2.  Create 20 projects.  Spread 50 quickstart application instance across the projects (cakephp, django, dancer and nodejs)
3.  Build all 50 simultaneously after they have built once.  Build repeatedly.   This is 10 builds/node roughly

Actual results:

Eventually one or more (usually one) build will get wedged forever.   Build log always shows it stuck here:

I0316 12:11:07.103974       1 docker.go:411] Image contains io.openshift.s2i.scripts-url set to 'image:///usr/libexec/s2i'
I0316 12:11:07.104452       1 docker.go:466] Base directory for STI scripts is '/usr/libexec/s2i'. Untarring destination is '/tmp'.
I0316 12:11:07.104505       1 docker.go:616] Creating container  using config: &{Hostname: Domainname: User: Memory:0..........

Full log attached



Expected results:

Builds run to completion successfully or with failure messages.

Additional info:

Attached:  build log, strace and proc status of openshift-sti-build while hanging.

Comment 1 Ben Parees 2016-03-16 18:27:10 UTC
Michal can you take a look at this?  Cesar and I discussed it and he suggested (and I agree) that we should just add a short (10s?) timeout on calls to the docker api and if the timeout is hit, fail the build.

Comment 2 Jeremy Eder 2016-03-16 18:29:54 UTC
Hi Ben -- fail that build and retry, right?

Comment 3 Ben Parees 2016-03-16 18:40:09 UTC
I could see us adding retry at some point, but for the immediate fix, no, just fail.  It's basically no different than "your build failed because we couldn't reach your maven repo to pull dependencies" which we also don't retry.  We don't have a good mechanism for retrying a build that has gotten this far along.

Comment 4 Ben Parees 2016-03-16 18:41:01 UTC
(fundamentally I would not expect this to be a frequent occurrence, so if it is, we need to get to the bottom of why the docker daemon is becoming unresponsive, not fix it via retries)

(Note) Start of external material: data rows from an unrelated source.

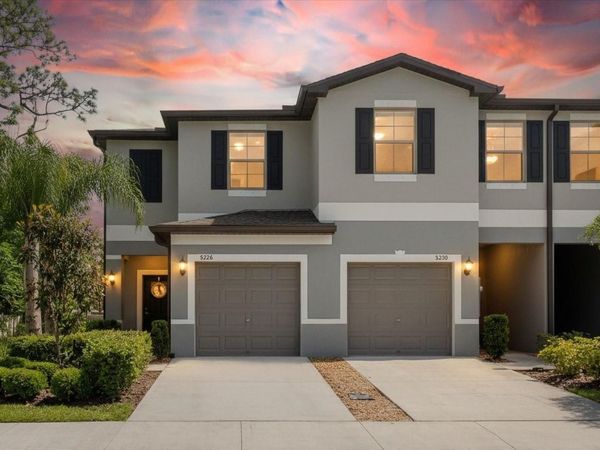 5226 FORUM BOULEVARD , HOLIDAY, FL 34690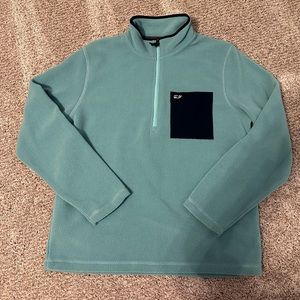 Vineyard Vines fleece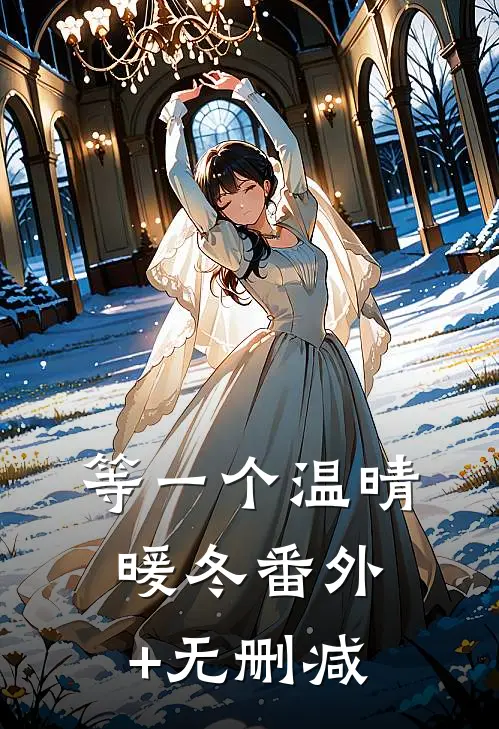 等一个温晴暖冬番外+无删减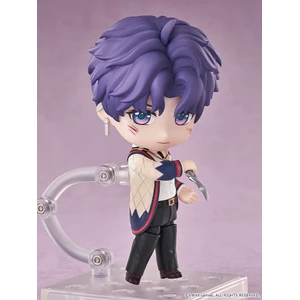 Good Smile Arts Shanghai Love and Deepspace Nendoroid Rafayel 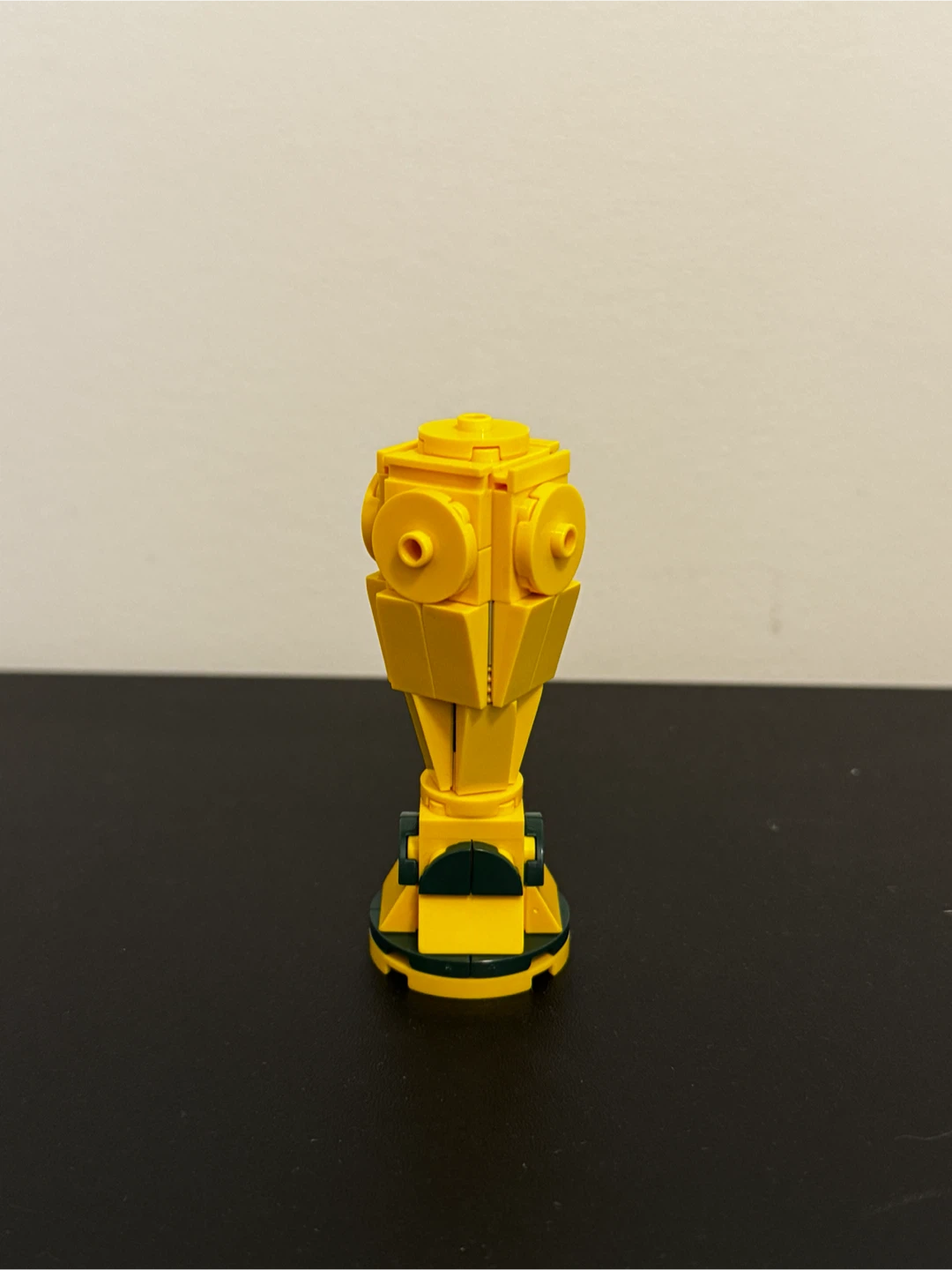 LEGO World Cup Trophy 2026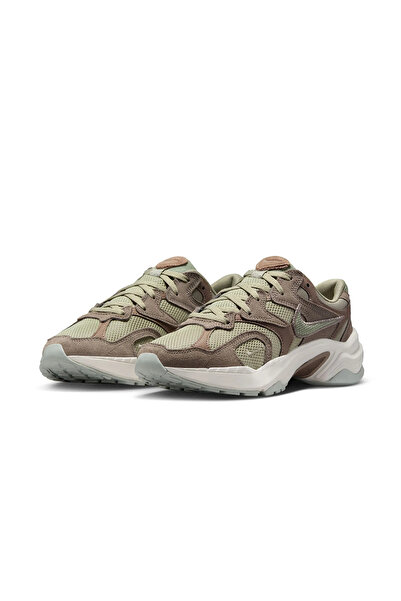 Nike W Al8 Kadın Günlük Ayakkabı Kahverengi
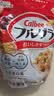 卡乐比（Calbee）原味水果燕麦片组合860g 非油炸冲泡代餐早餐零食 实拍图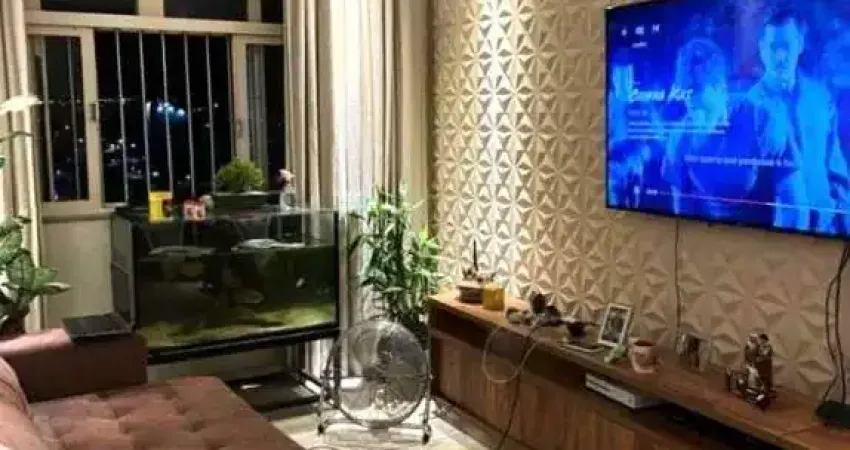 Apartamento com 2 dormitórios à venda, 90 m² por R$ 280.000,00 - Centro - Ribeirão Preto/SP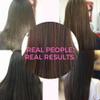 KERAZON Intensive Brazilian Hair BTX Smoothing Treatment 8oz 236ml For All Hair Types, Thermal Activated Hair Mask Damaged Hair and Long Lasting Volume And Frizz Control view 3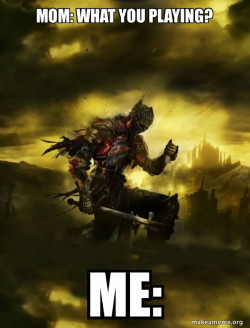Dark Souls III - Dark Souls 3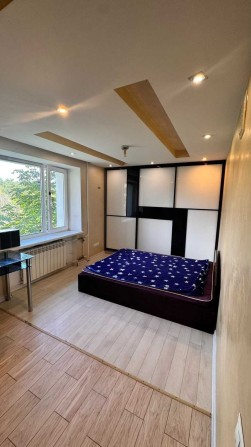 Затишна кімната в гуртожитку ЛІСОВИЙ (ПОПОВИЧА 10) БЕЗ КОМІСІЇ - фото 1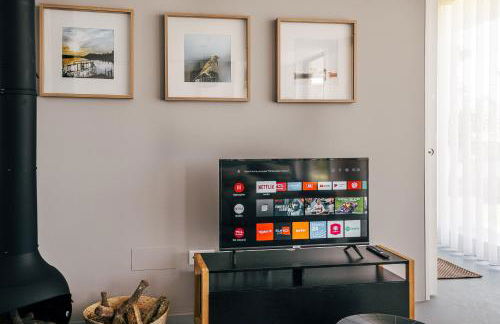 ALTO DA GARÇA - PRIME VILLAS & SPA - Foto 66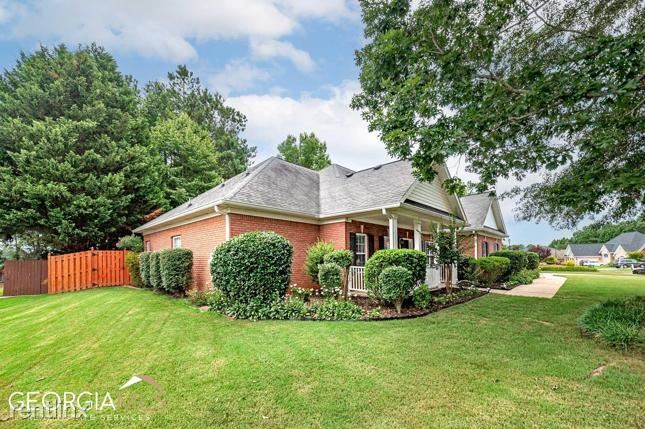 Building Photo - 4 br, 3 bath House - 321 i Arbor Ridge Par...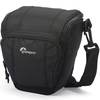 תיק אף שחור Lowepro Toploader Zoom 45 AW II
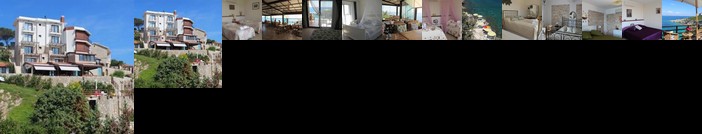 Nergis Hotel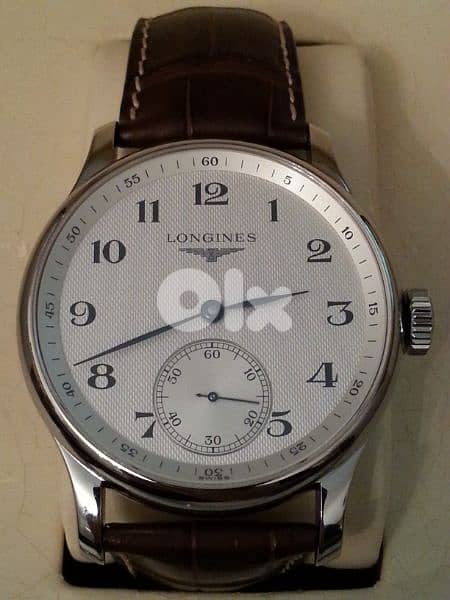 Longines Master Collection. 0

Comment 5 Mike Fiedler 2016-03-16 18:44:14 UTC
Let me know if there is any docker trace/log/etc that would help.   At the activity level I mentioned I can hit this a good bit.

Comment 6 Ben Parees 2016-03-16 18:46:37 UTC
Nothing that will help me per se, but if we can get someone more docker knowledgeable to look at the docker daemon logs that might help.

Once you hit this, does everything hit it, or it's just random builds that hit it while others work fine at the same time?

Comment 7 Jeremy Eder 2016-03-16 18:57:56 UTC
Mike -- can you reproduce with docker daemon debug logging enabled?

In /etc/sysconfig/docker

OPTIONS='--selinux-enabled --debug=true'

Restart docker service, reproduce the hang and capture the logs (these logs will show up in the journal).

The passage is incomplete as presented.